Malaria, pneumonia, and diarrhea together account for 50% of all deaths in children in the age group of 1 to 59 months, in sub-Saharan Africa.1,2 In Uganda, malaria is responsible for approximately 15% of deaths in children in this age group, pneumonia for another 15% and diarrhea for 10%.3 In addition, the prevalence of malaria, pneumonia, and diarrhea in children under 5 years admitted at health facilities in Uganda is 43%, 11%, and 5%, respectively.4 These three illnesses often present as an acute febrile illness with overlapping symptoms, and coinfection can occur.57

If untreated, malaria, pneumonia, and diarrhea infection in children can quickly progress to severe disease and death.8 The prompt administration of an efficacious antimalarial or antibiotic for pneumonia and oral rehydration salts and zinc (ORS/zinc) for diarrhea as required, is therefore essential to prevent death or lasting sequelae. Although uncomplicated malaria or pneumonia infection can be easily treated with oral medication, severe disease requires parenteral treatment alongside the management of complications, which is usually only available in a higher-level health facility setting.9 Children who develop severe malaria or pneumonia in remote settings are therefore at risk of death, if symptoms are not recognized and treated early.

Community-level initiatives such as the integrated community case management (iCCM) of malaria, pneumonia, and diarrhea or the Integrated Management of Childhood Illnesses (IMCI) in primary health facilities therefore seek to facilitate prompt identification of children with signs of severe disease and immediate referral to a health facility with the capacity to manage the disease and its complications.10,11 The danger signs of severe disease in children < 5 years of age that should trigger prereferral treatment and immediate referral within iCCM programs include a child who is unconscious/unusually sleepy, unable to feed or drink, vomits everything, and one who has convulsions.3

Treatment-seeking practices for children with febrile illness have been extensively described, but less is understood about the care-seeking patterns and treatment provided to those children with danger signs of severe disease, including severe malaria and pneumonia.12 Understanding treatment-seeking patterns in the case of severe illness is important to target relevant interventions adequately, including prereferral treatment, such as rectal artesunate for cases of severe malaria in children.
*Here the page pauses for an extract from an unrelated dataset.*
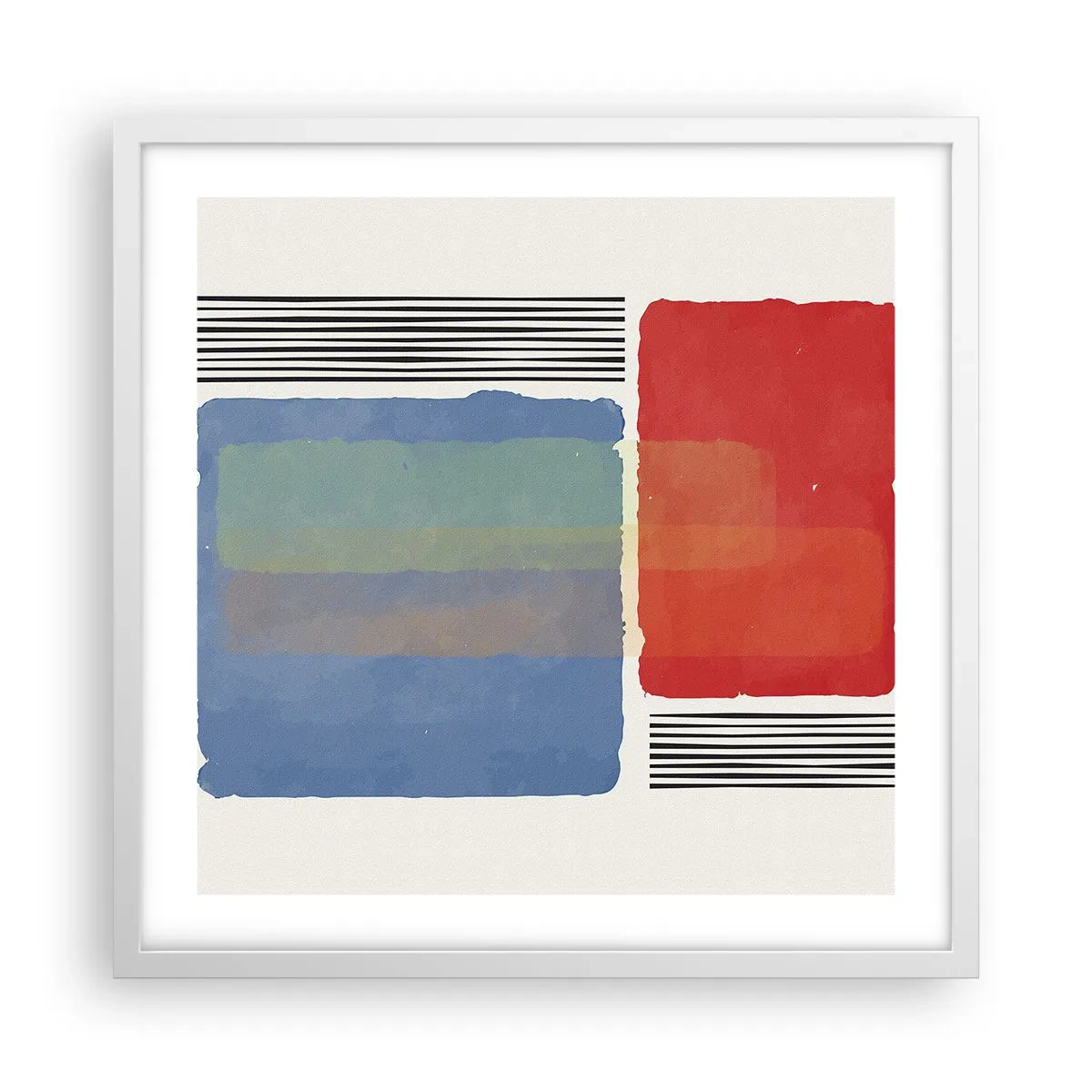 Poster in een witte lijst - De geest en de letter van de geometrie - 50x50 cm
The objective of this study was therefore to determine the treatment seeking practices and treatment patterns for children < 5 years of age with an acute febrile illness, with and without danger signs of severe disease, in a highly malaria-endemic area of northern Uganda.

METHODS

In the frame of the Community Access to Rectal Artesunate for Malaria (CARAMAL) Project, an observational study accompanying the rollout of rectal artesunate as prereferral treatment of severe malaria, cross-sectional household surveys were conducted to elicit treatment seeking for recently sick children and their treatment patterns.13 The cross-sectional surveys were designed to collect contextual information relevant for the CARAMAL study.

Study design.

Three consecutive household surveys were conducted between November and December each year, in 2018, 2019, and 2020 in northern Uganda.

Study setting.

The surveys were conducted in the districts of Kole, Kwania, and Oyam, located in the Lango Region of northern Uganda. The three districts together have a population of approximately one million, and more than 80% of the population are rural subsistence farmers.14 Malaria is endemic, with all year transmission and a high entomological inoculation rate of more than 1,500 infective bites per person per year.15 Health services are provided by public health facilities including 30 primary health facilities (health center II), 15 secondary health facilities (health center III), and four tertiary health facilities (health center IV and referral hospitals), as well as approximately 5,000 community health workers (implementing iCCM), and many small, private, for-profit facilities. Treatment of uncomplicated conditions including malaria, diarrhea, and pneumonia are provided at all levels including the CHWs, whereas health center facilities of level III and higher provide inpatient services. Since March 2019, CHWs and primary health centers (HC II) have been supplied with rectal artesunate for prereferral treatment of children with suspected severe malaria.13

Uganda’s climate is largely tropical with two rainy seasons per year, March to May and September to December. Data collection took place from the middle to the end of the rainy season when prevalence of malaria is expected to be high.

Sampling and sample size.

A stratified three-stage cluster sampling strategy was applied to randomly sample survey households (Table 1). Stratification was by district, and the sampling stages included the parish, village, and household. A total of 34 parishes/clusters were sampled from the three districts, with the number proportional to the population size of the district. One village was then sampled from each cluster and within each village, 30 households were randomly sampled from a list of households with children < 5 years of age established by the survey team and village representatives before commencing data collection. At each village, we first mapped and listed all households 1 to 3 weeks before the actual survey. Information on the household location, household head, number of people in the household, and number of children under age 5 was obtained. The “sampling frame” included all households with at least one child below 5 years, from which we randomly sampled 30 households per village. When there was more than one eligible child per caregiver, one was randomly selected from the list of eligible children. This was predesigned and automatically generated using data collection software.

Table 1

Household survey sampling, based on 2014 census population

District Total population No. of parishes No. of villages No. of households Survey sample/no. of parishes (total samples = 34)
Oyam 383,644 64 1038 76,536 16
Kwanya 183,930 34 396 34,400 9
Kole 239,327 30 436 48,525 9

To determine the proportion of children aged < 5 years seeking treatment for fever from formal health facilities, we used an estimated prevalence of treatment seeking of 50% with 95% confidence, α = 0.05 and a design effect of 1.2, giving a minimum of 462 household survey responses on treatment-seeking required per individual survey round.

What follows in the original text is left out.